Overflow with exp in Kaggle when increasing sizes

javismiles · January 27, 2019, 11:38am

Hi friends,
I’m running different experiments with a net I built from scratch in Python using Kaggle notebooks, and all goes well, but when the size of the input data and/or number of hidden units increases beyond a certain point I begin to receive these warnings:

/opt/conda/lib/python3.6/site-packages/ipykernel_launcher.py:13: RuntimeWarning: overflow encountered in exp
del sys.path[0]

The only part of my code where I use exp is in the sigmoid:
def sigmoid(x):
return 1.0/(1+ np.exp(-x))

and it all works well, trains well etc, until I reach a certain size in data/units, then I begin to get that error,

I am standardizing the data using sklearn:
names = df.columns
scaler = preprocessing.StandardScaler()
scaled_df = scaler.fit_transform(df)
scaled_df = pd.DataFrame(scaled_df, columns=names)

and initializing the weights with:
np.random.randn(layer_size[l],layer_size[l-1])*np.sqrt(2/layer_size[l-1]) ,

and the biases to 0.

any tips, advice about how to deal with those? thanks very much

zearo · January 31, 2019, 3:50pm

Your sigmoid function is not numerically stable.

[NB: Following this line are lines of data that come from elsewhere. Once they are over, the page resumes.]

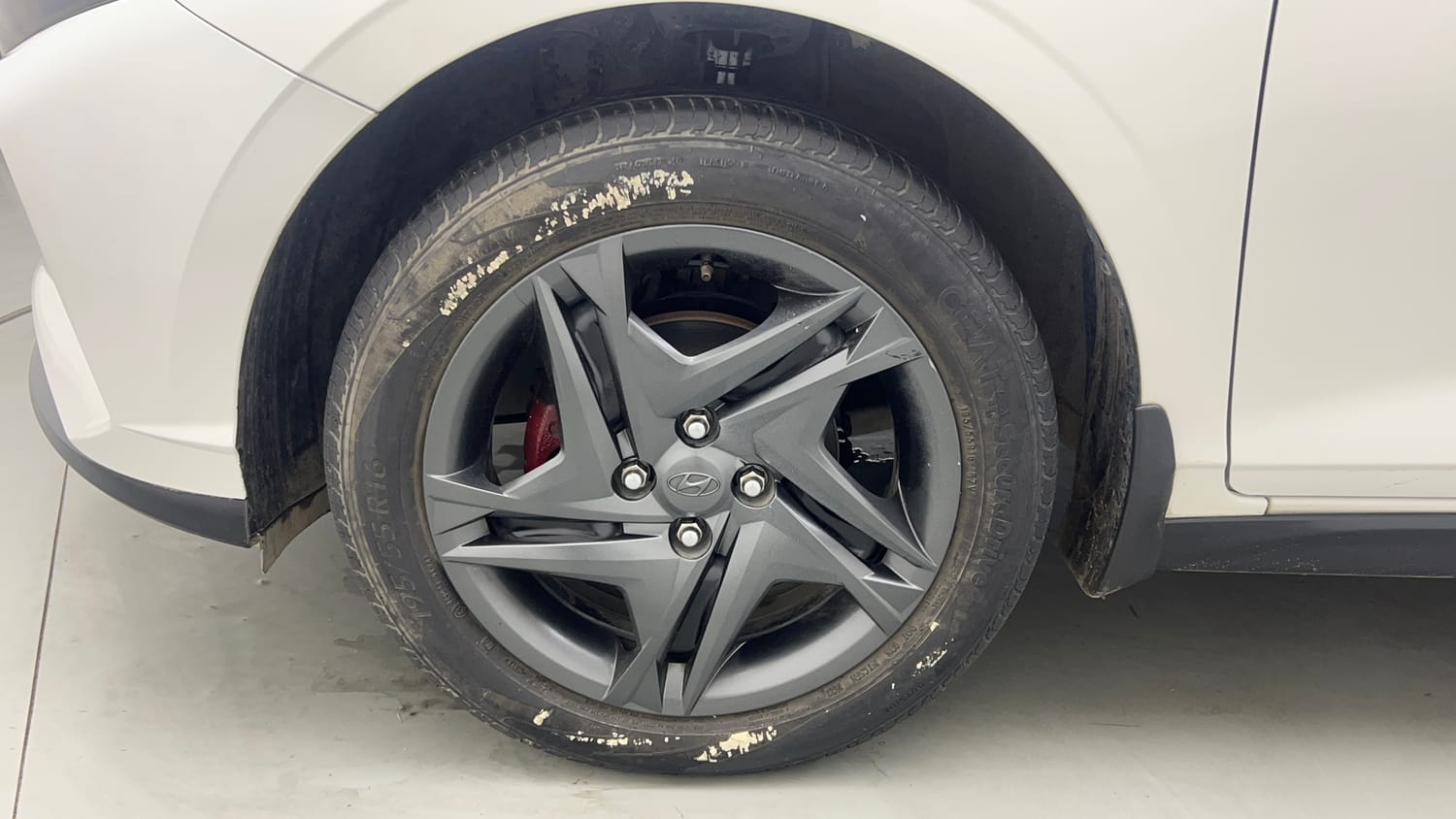 Used 2024 Hyundai i20 Sportz 1.2 MT Petrol Manual tyres LEFT FRONT TYRE RIM VIEW
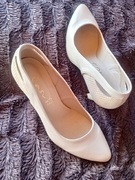 Czółenka marki Casu  rozm.37 nowe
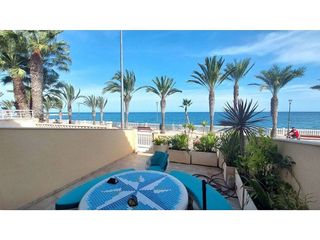 Chalet en alquiler en Torre de la Horadada en Pilar de la Horadada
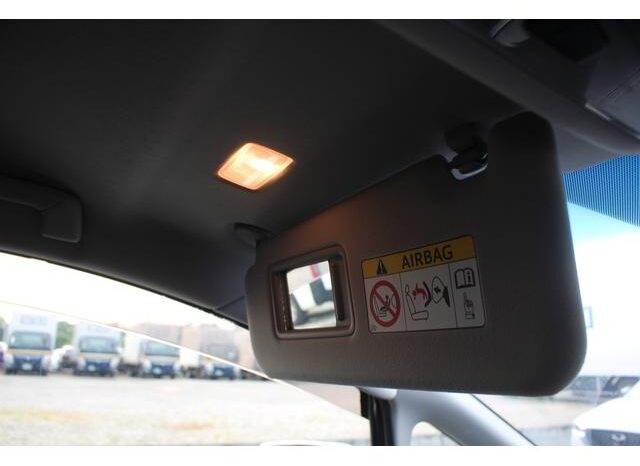 
								TOYOTA VELLFIRE 2015 full									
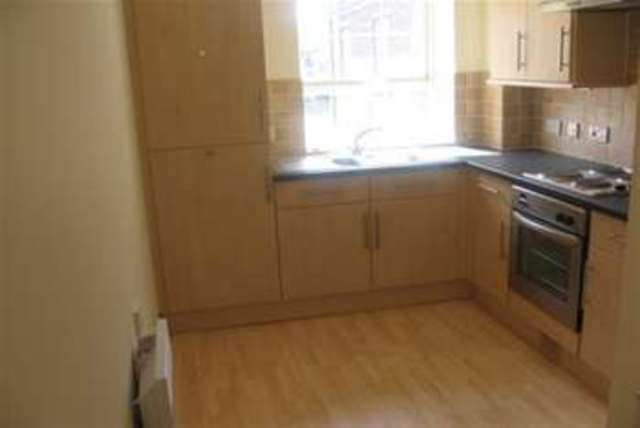  Image of 2 bedroom Flat to rent in West Street Axminster EX13 at Axminster, EX13 5NE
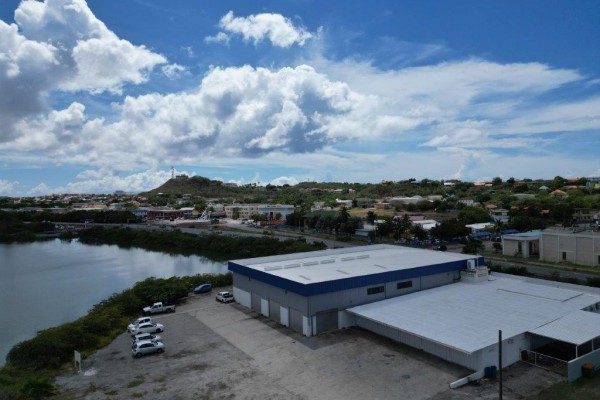 Saliña - Investeringskans voor eersteklas bedrijfspand op Curaçao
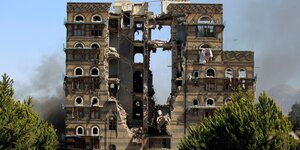 ruins of bombed building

You should use something like:

def sigmoid(x):
    "Numerically stable sigmoid function."
    if x >= 0:
        z = exp(-x)
        return 1 / (1 + z)
    else:
        # if x is less than zero then z will be small, denom can't be
        # zero because it's 1+z.
        z = exp(x)
        return z / (1 + z)

from this blog post http://timvieira.github.io/blog/post/2014/02/11/exp-normalize-trick/ . The reasons to use it are explained there, but in short, you just need to express the sigmoid in a different (but mathematically identical) way to avoid problems.